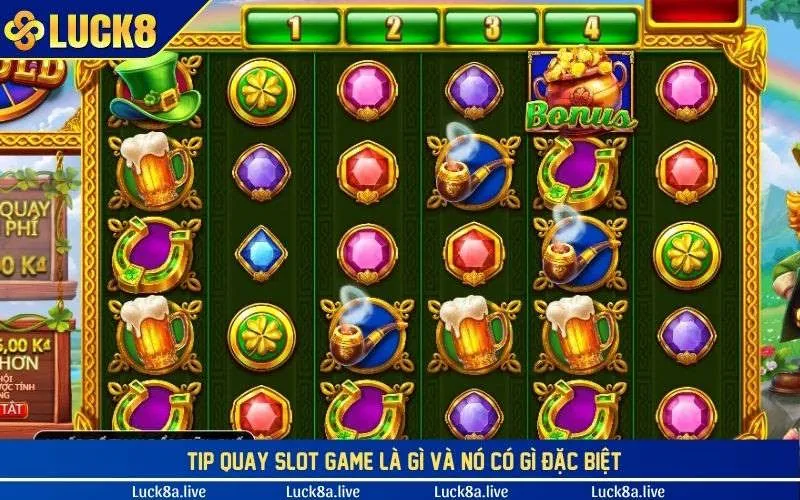 Tip quay slot game là gì và nó có gì đặc biệt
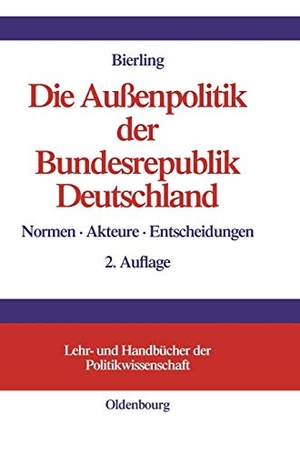 Stephan Bierling. Die Außenpolitik der Bundesrepublik Deutschland - Normen, Akteure, Entscheidungen. De Gruyter Oldenbourg, 2005.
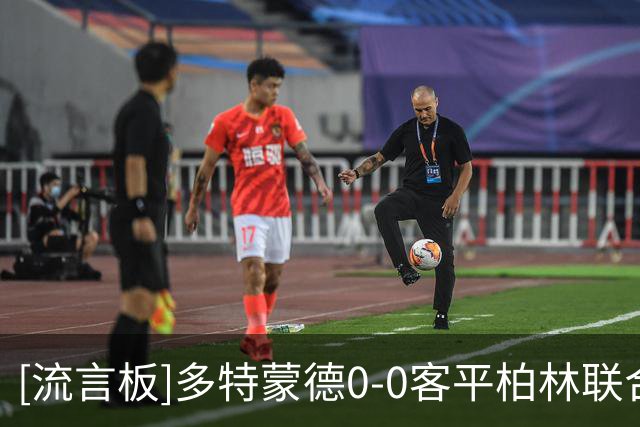 [流言板]多特蒙德0-0客平柏林联合，拜仁取胜即可暂时登顶德甲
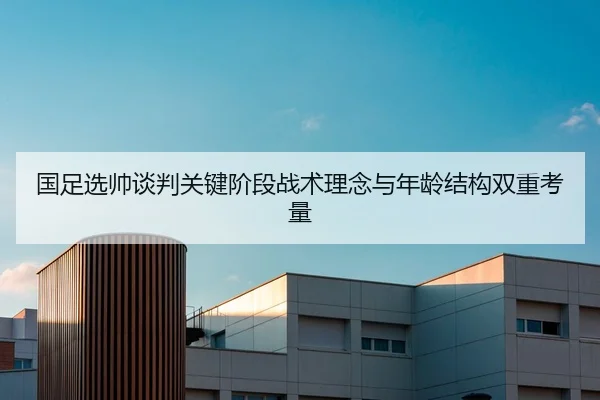 国足选帅谈判关键阶段战术理念与年龄结构双重考量
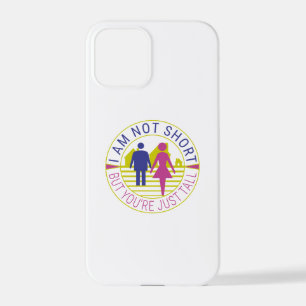 I am not short but you're just tall iPhone 12 pro case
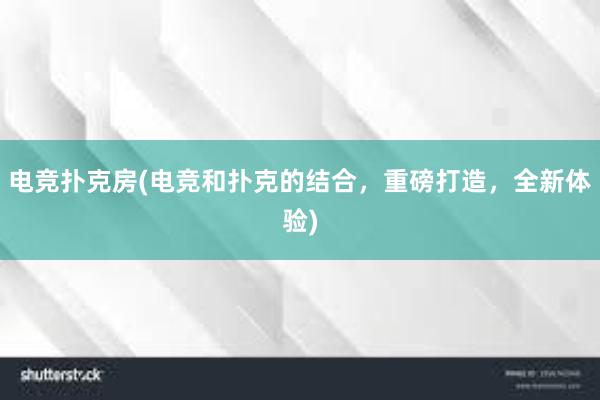 电竞扑克房(电竞和扑克的结合，重磅打造，全新体验)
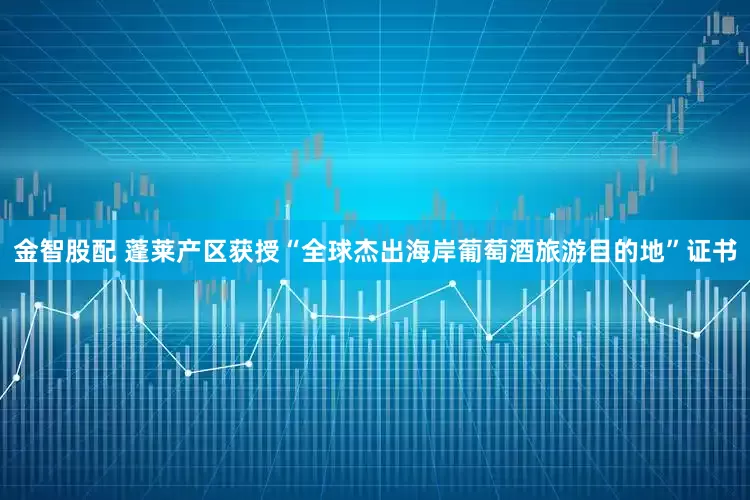 金智股配 蓬莱产区获授“全球杰出海岸葡萄酒旅游目的地”证书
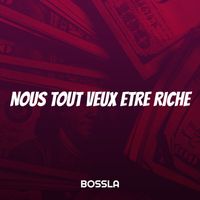 Bossla - Nous Tout Veux Etre Riche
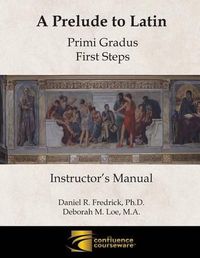 Cover image for A Prelude to Latin: Primi Gradus - First Steps Instructor's Manual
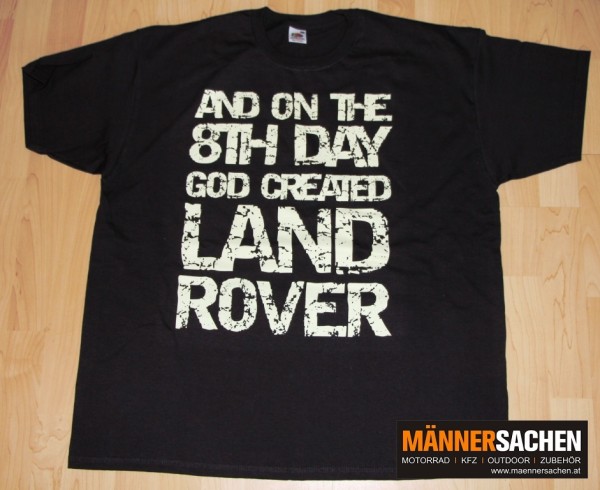 LAND ROVER Rover T-Shirt "AND ON THE 8TH DAY GOOD CREATED LAND ROVER"
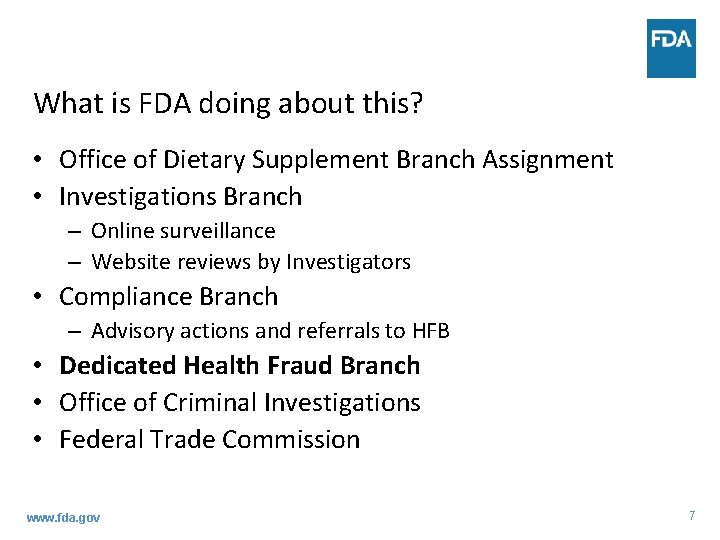 What is FDA doing about this? • Office of Dietary Supplement Branch Assignment •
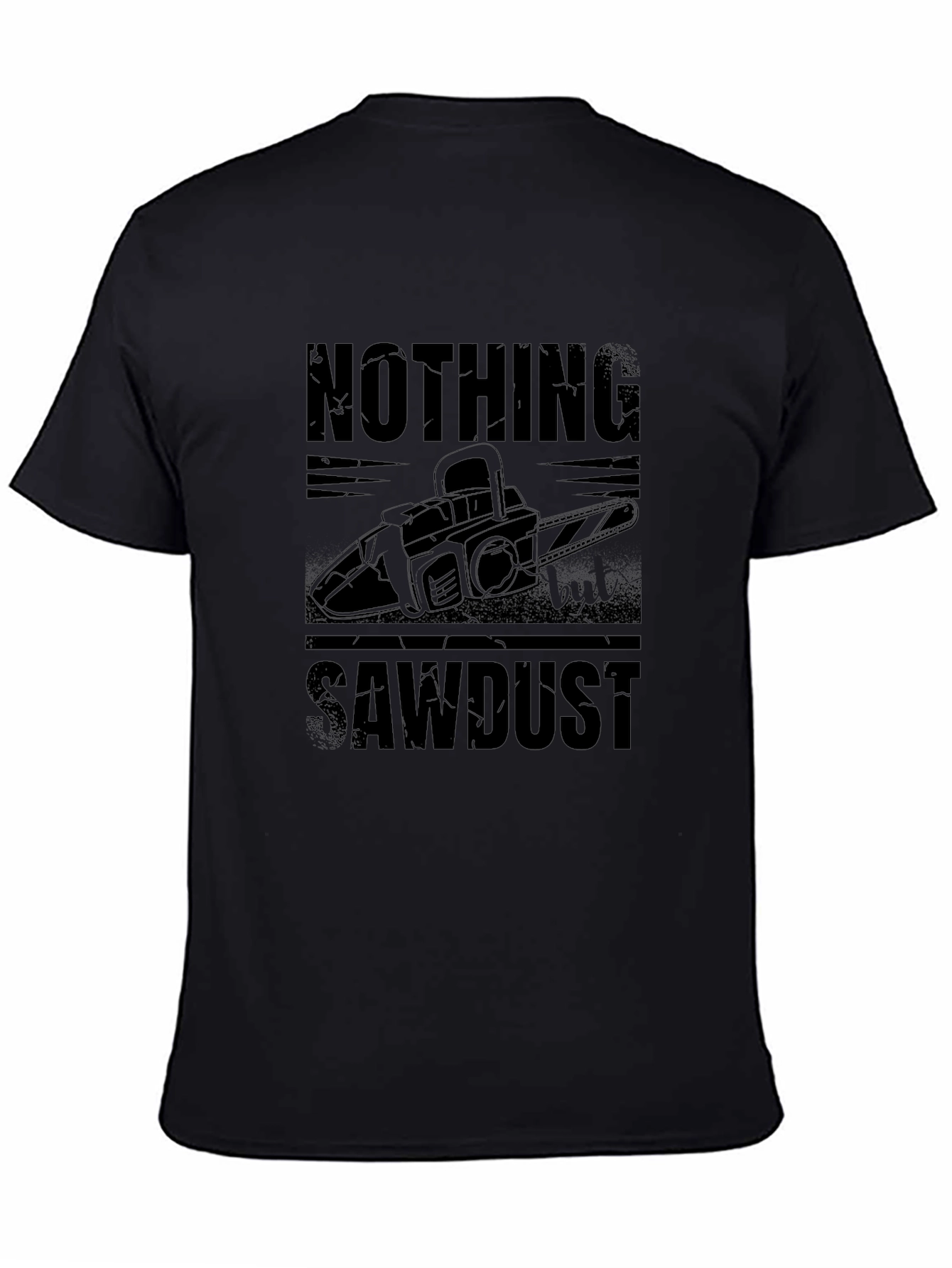 Nothing But Sawdust Graphic Tee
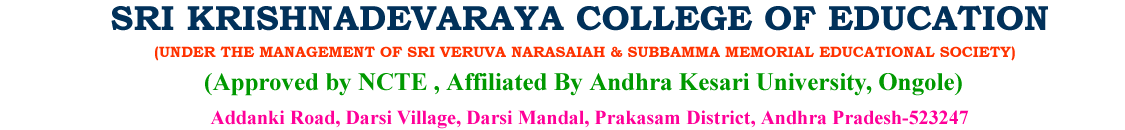 SRI KRISHNADEVARAYA COLLEGE OF EDUCATION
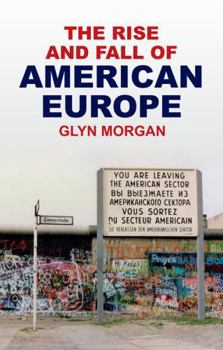 Hardcover The Rise and Fall of American Europe Book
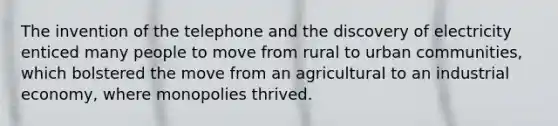 The invention of the telephone and the discovery of electricity enticed many people to move from rural to urban communities, which bolstered the move from an agricultural to an industrial economy, where monopolies thrived.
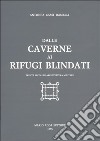 Dalle caverne ai rifugi blindati libro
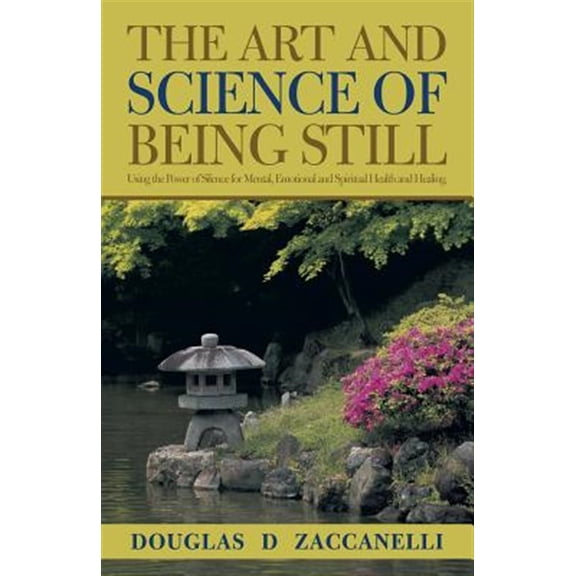 Pre-Owned The Art and Science of Being Still: Using the Power of Silence for Mental, Emotional and Spiritual Health and Healing., (Paperback)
=======
Would you reproduce the lines from the one with "Nothing But Sawdust Graphic Tee" through the final line of the data above, exactly and only those, without any pictures?

__Exercise response__:
 Nothing But Sawdust Graphic Tee
 SRI KRISHNADEVARAYA COLLEGE OF EDUCATION
 Hardcover The Rise and Fall of American Europe Book
 The invention of the telephone and the discovery of electricity enticed many people to move from rural to urban communities, which bolstered the move from an agricultural to an industrial economy, where monopolies thrived.
 Dalle caverne ai rifugi blindati libro
 Pre-Owned The Art and Science of Being Still: Using the Power of Silence for Mental, Emotional and Spiritual Health and Healing., (Paperback)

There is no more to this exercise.